A table does not have a primary key, but a reasonable index must be created for massive data volumes.
There is a fatal restriction, which we don't seem to have found, that is, the repeatability of the sorting field,
It is best to have no duplicates, but it does not mean that there must be no duplicate records. It doesn't matter if there is a duplicate record. As long as there is no cross-page record, several records will be squeezed out if there is a cross-page record,
The time field is used for sorting, and the possibility of Repeated Records is very small.

Scalability:
Bingbingcha (don't think about it, don't Meng, don't E, it turns out to be a big gray wolf) reply is wonderful
-----------------
These skills have been discussed in the SQL area .. the speed is very fast .. but cannot meet the requirements .. the practicality is too bad .. most of the pages that enterprises need to use today are multi-table queries .. single Table paging does not meet the requirements ..
This stored procedure can be extended. Using a temporary table + the landlord's method... is a good choice ..
-----------------
For multi-table join queries, there are two methods. The first one is bingbingcha's -- "using temporary tables + the landlord's method", which is the only feasible method for massive data.
However, when there is a small amount of data, this is a little complicated and cannot be summarized into general writing.
Let's take a look at the statement Data Writing Method:
Associated
SELECT a. ReplyID, a. TopicID
FROM dbo. BBS_Reply a INNER JOIN
Dbo. BBS_body B ON a. BodyID = B. bodyID
Where a. ReplyID> 10
For a single table
SELECT ReplyID, TopicID
FROM dbo. BBS_Reply
Where ReplyID> 10
Have you seen the same:
Select Field
From table
Where condition
What is the difference between single-table queries and multi-table queries?
At least many multi-table (single-field sorting) queries are available in this way.
Note: I have not said that all multi-table (single-field sorting) queries can be used. Check the specific situation.
 
This is one of the most efficient (requires the help of a reasonable index), a more common paging method. I don't know if I have understood this time.
========================================================== ==============================================
Create procedure CN5135_SP_Pagination
/*
**************************************** ***********************
** Tens of millions of paging stored procedures **
**************************************** ***********************
Parameter description:
1. Tables: Table Name, View
2. primarykey: Primary Key
3. Sort: Sorting statement without order by such as newsid DESC and orderrows ASC
4. currentpage: Current page number
5. pagesize: page size
6. filter: Filter statement without where
7. Group: Group statement without group
Effect Demo: http://www.cn5135.com/_App/Enterprise/QueryResult.aspx
**************************************** ***********************/
(
@ Tables varchar (1000 ),
Primarykey varchar (100 ),
@ Sort varchar (200) = NULL,
@ Currentpage Int = 1,
@ Pagesize Int = 10,
@ Fields varchar (1000) = '*',
@ Filter varchar (1000) = NULL,
@ Group varchar (1000) = NULL
)
AS
/* Default sorting */
IF @ Sort is null or @ Sort =''
SET @ Sort = @ PrimaryKey
DECLARE @ SortTable varchar (100)
DECLARE @ SortName varchar (100)
DECLARE @ strSortColumn varchar (200)
DECLARE

Contact Us

The content source of this page is from Internet, which doesn't represent Alibaba Cloud's opinion; products and services mentioned on that page don't have any relationship with Alibaba Cloud. If the content of the page makes you feel confusing, please write us an email, we will handle the problem within 5 days after receiving your email.

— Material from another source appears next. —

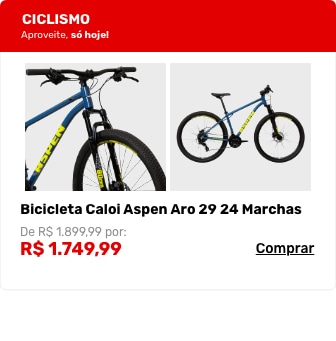 Bicicleta Caloi Aspen Aro 29 24 Marchas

If you find any instances of plagiarism from the community, please send an email to: info-contact@alibabacloud.com and provide relevant evidence. A staff member will contact you within 5 working days.

A Free Trial That Lets You Build Big!

Start building with 50+ products and up to 12 months usage for Elastic Compute Service

  • Sales Support

    1 on 1 presale consultation

  • After-Sales Support

    24/7 Technical Support 6 Free Tickets per Quarter Faster Response

  • Alibaba Cloud offers highly flexible support services tailored to meet your exact needs.